» **EXERCISE INPUTS**
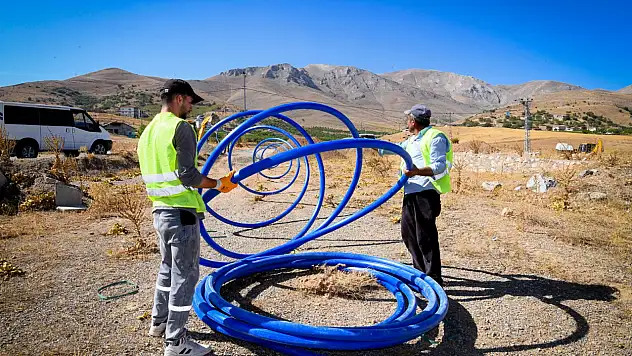 Üzümlü Mahallesi'ne 10 Kilometrelik İçme Suyu Hattı: Çalışmaların yü50'si Tamamlandı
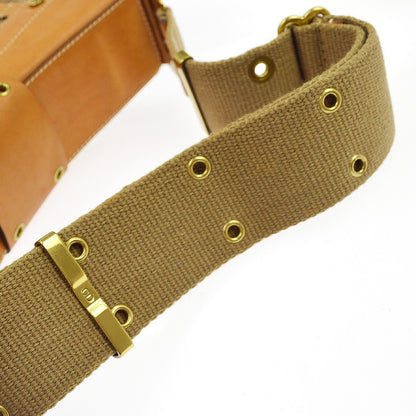 Christian Dior Vintage Street Chic Columbus Diorissimo Canvas with Leather, Brown, Canvas, Shoulder Bag
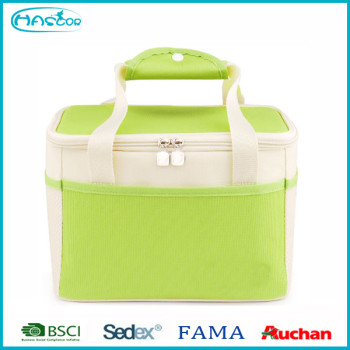 Wholesale Custom Polyester Insulated Cooler Bag With Mesh Pocket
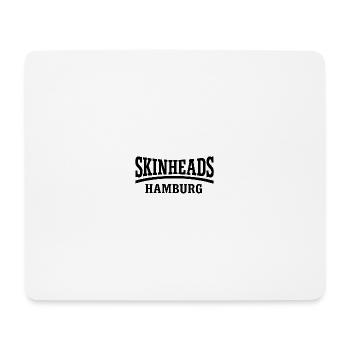 Skinheads Hamburg - Mousepad (Querformat) - Weiß - Vorne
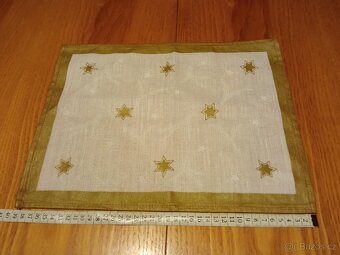 Vánoční ubrusy, prostírání - 6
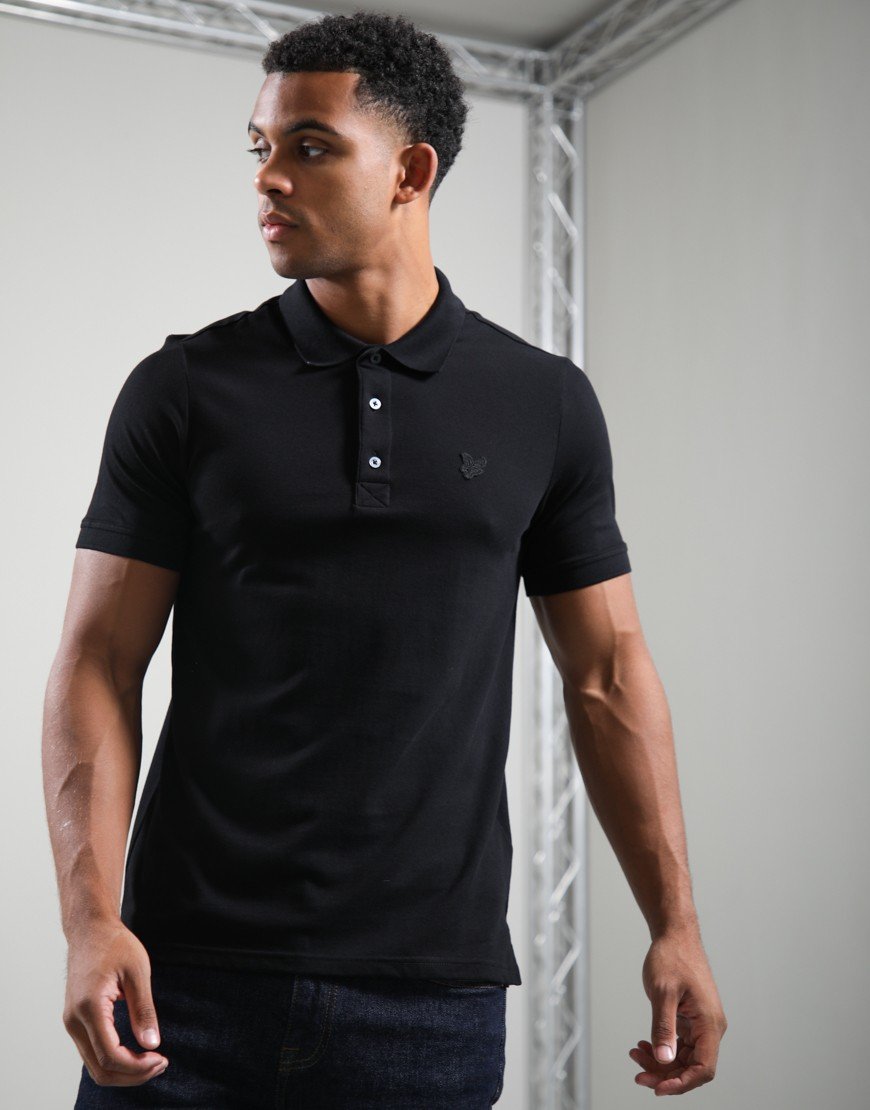 Lyle & Scott Superfine Polo Shirt Jet Black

» **WHAT IS REQUIRED**
What is needed is an exact copy of every entry, minus the images.

» **ANSWER SPACE**
 Üzümlü Mahallesi'ne 10 Kilometrelik İçme Suyu Hattı: Çalışmaların yü50'si Tamamlandı
 Christian Dior Vintage Street Chic Columbus Diorissimo Canvas with Leather, Brown, Canvas, Shoulder Bag
 Wholesale Custom Polyester Insulated Cooler Bag With Mesh Pocket
 Skinheads Hamburg - Mousepad (Querformat) - Weiß - Vorne
 Vánoční ubrusy, prostírání - 6
 Lyle & Scott Superfine Polo Shirt Jet Black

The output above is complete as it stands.